Large-Scale Answerer in Questioner's Mind for Visual Dialog Question Generation
This work addresses a scalability problem in task-oriented visual dialog systems, offering a significant performance improvement for applications like visual question answering, though it is incremental as it builds upon the existing AQM framework.
The authors tackled the limitation of the Answerer in Questioner's Mind (AQM) framework in handling large-scale solution spaces by proposing AQM+, which improves question coherence in visual dialog. The result shows that AQM+ outperforms state-of-the-art models, reducing error by over 60% as the dialog proceeds compared to less than 6% for comparative algorithms on the GuessWhich task with nearly 10K candidate classes.

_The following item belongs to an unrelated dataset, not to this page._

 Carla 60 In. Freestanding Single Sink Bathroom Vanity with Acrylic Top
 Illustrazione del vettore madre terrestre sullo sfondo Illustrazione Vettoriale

Answerer in Questioner's Mind (AQM) is an information-theoretic framework that has been recently proposed for task-oriented dialog systems. AQM benefits from asking a question that would maximize the information gain when it is asked. However, due to its intrinsic nature of explicitly calculating the information gain, AQM has a limitation when the solution space is very large. To address this, we propose AQM+ that can deal with a large-scale problem and ask a question that is more coherent to the current context of the dialog. We evaluate our method on GuessWhich, a challenging task-oriented visual dialog problem, where the number of candidate classes is near 10K. Our experimental results and ablation studies show that AQM+ outperforms the state-of-the-art models by a remarkable margin with a reasonable approximation. In particular, the proposed AQM+ reduces more than 60% of error as the dialog proceeds, while the comparative algorithms diminish the error by less than 6%. Based on our results, we argue that AQM+ is a general task-oriented dialog algorithm that can be applied for non-yes-or-no responses.